TLR’s editors have a label they can attach to poetry and story submissions that reads “Send Personal Rejection.” A check of our files recently showed that we have sent out 280 of those notes in our first two-plus issues.
Some writers prefer not to receive personal rejections. There are times when I feel that way. A rejection, after all, no matter how nicely worded, is still a rejection. But as a writer myself, I understand how tough it is to get a piece published. Even for excellent writers the acceptance rate is usually less than five percent. And just because a piece was rejected, doesn’t mean the editor didn’t like it. So we use the personal rejection for a variety of purposes.
You Got Close: TLR receives many submissions that are worthy of publication. Since we can’t publish them all, we do like to tell submitters that we enjoyed the read and that it was a contender. This is, frankly, a tricky practice, since to some it may appear we are just angling for another submission fee. Please trust that we don’t indulge in such scammery. We just want you to know that you impressed us.

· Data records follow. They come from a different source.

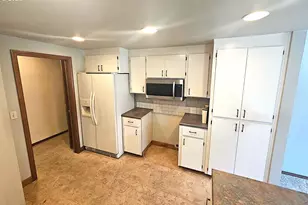 14875 NE Sacramento St, Portland, OR 97230 - Photo 9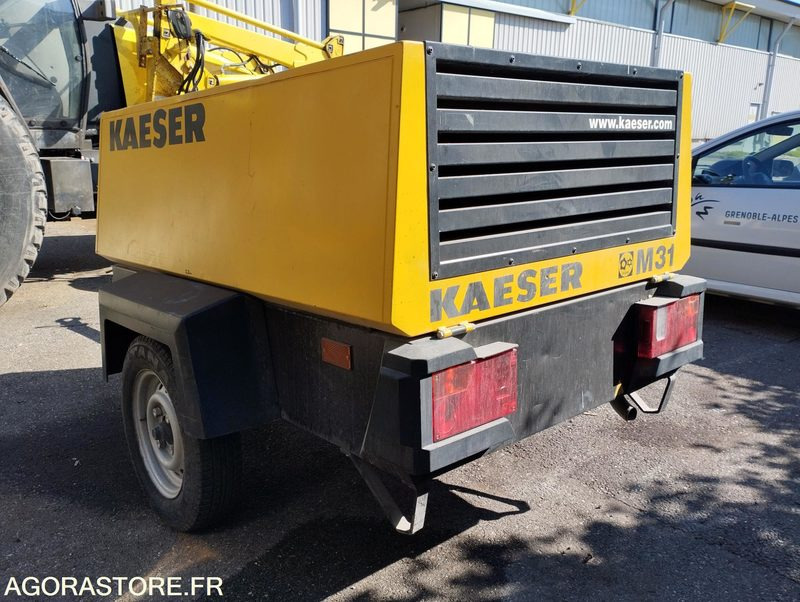 COMPRESSEUR DE CHANTIER KAESER M31 de 2002 8109VE99 - Compressore d'aria: foto 4 COMPRESSEUR DE CHANTIER KAESER M31 de 2002 8109VE99 - Compressore d'aria: foto 4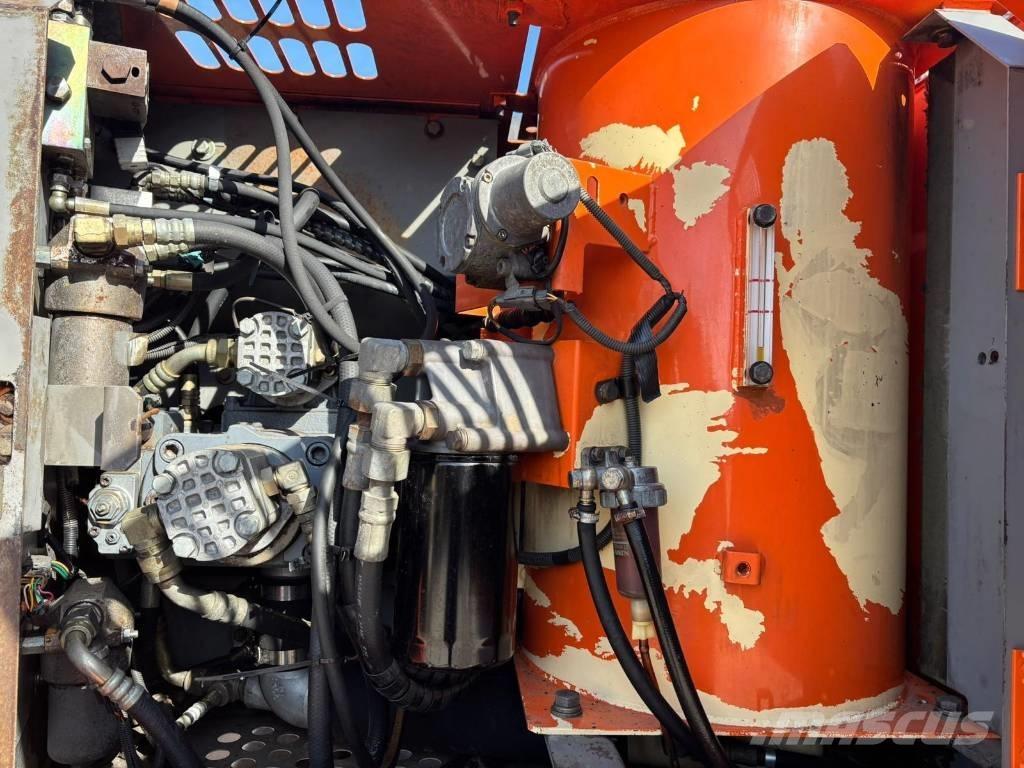 Hitachi ZX 130 W Bageri na kotačima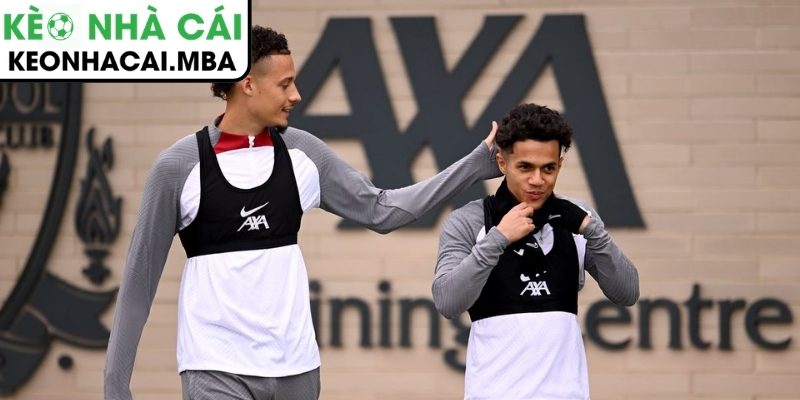 Chia tay lan rộng, tương lai Liverpool mờ mịt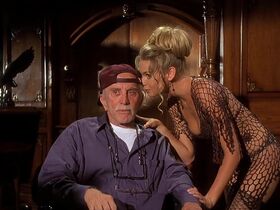 Olivia d'Abo sexy, Nancy Travis sexy - Greedy (1994)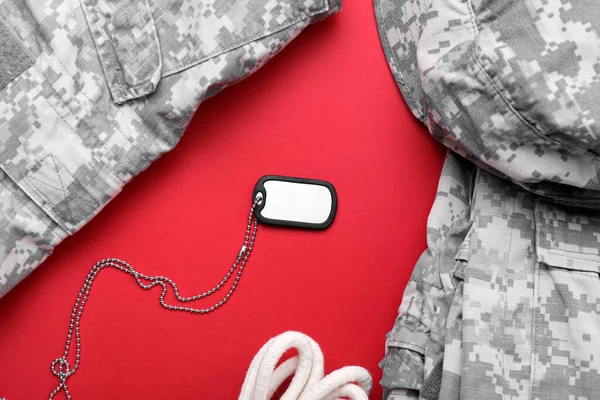 Katonai Egyenruha Címke Kötél Piros Háttér — Stock Fotó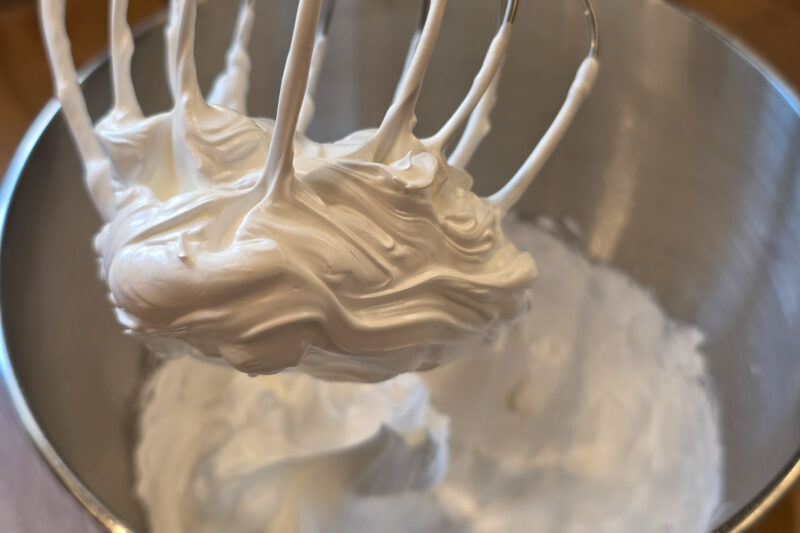 Baiser aufschlagen für den Johannisbeerkuchen
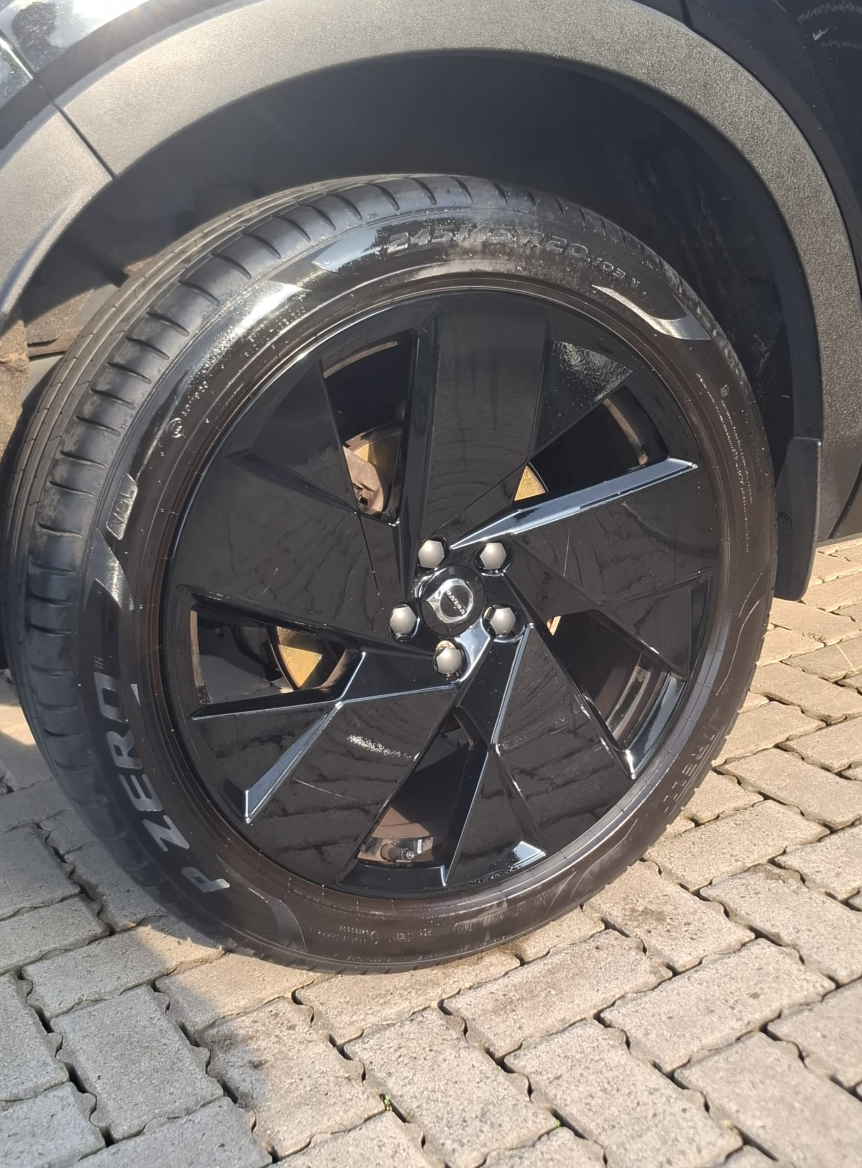 Wheels & Tyres — Showroom Clean
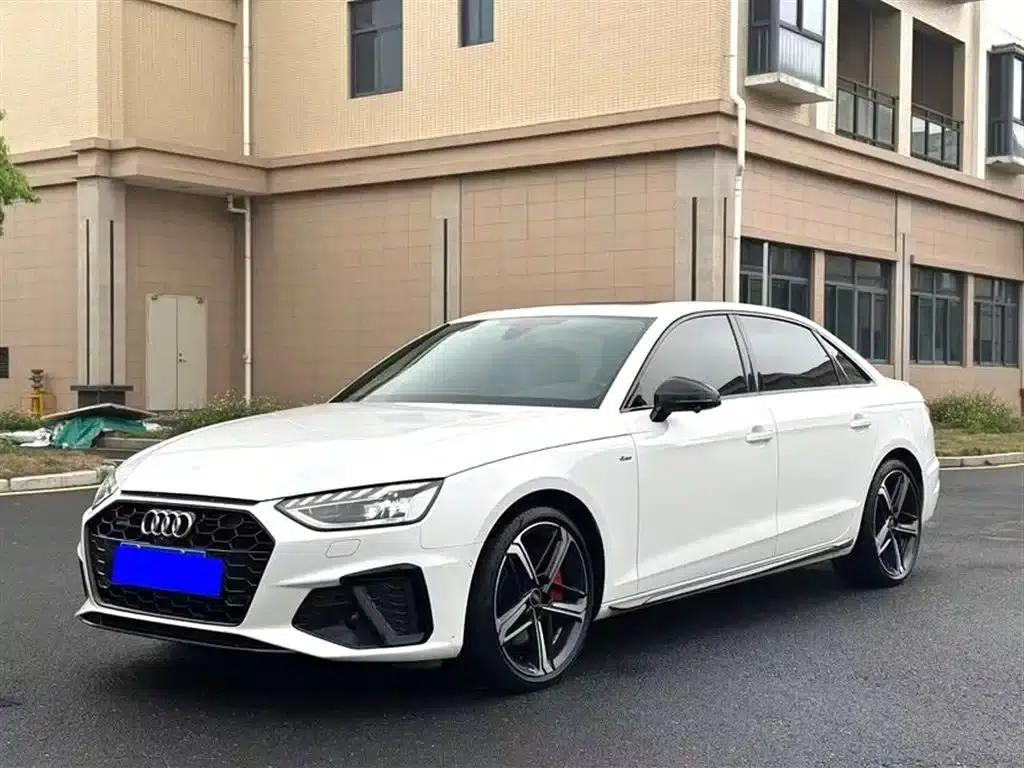 Audi A4L 2022 45 TFSI quattro Premium Dynamic Edition — миниатюра 1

Encouragement: There are an even greater number of submissions that show that a writer has promise. Although the piece may not be ready for publication, we often comment to point out what we liked about it. This is especially true when it’s obvious the submitter is a student or recent grad from a creative writing program. It’s even more difficult for beginning writers to find publication, and we think it’s important to let them know they’re getting closer.
Constructive criticism: This is one I employ, exclusive of my co-editors, and I do so sparingly. Occasionally a piece impresses me, but has issues that keep us from selecting it for publication. In my rejection note I sometimes comment, as an effort to help, where I thought the piece could be improved. Offering criticism to submitters is a bit of a risk, since the writer may be sensitive to comments. So when I do so I always include a note that the opinion is mine alone, and that other editors might disagree. So far, though, recipients seem to have appreciated the remarks.
Let’s work on this: Another of mine. Once in while a piece comes in that shows tremendous promise, but also needs significant revision. Usually it’s the voice or the theme that really connects, and I can’t help imagining the impact of the story if it were reworked. Although I’m no Gordon Lish, I sometimes (rarely, actually) offer substantial help in revising the piece, including detailed notes and several back-and-forth sessions to make it publishable.
Nearly 300 personal rejections in two issues may seem like a lot, but when the ways in which personal rejections can be used constructively are factored in, the number seems right to us. The editors at TLR believe that rejection doesn’t have to be an all-or-nothing experience for writers. If you get a personal note from one of us, know that we thought your work good enough to take the time to acknowledge it.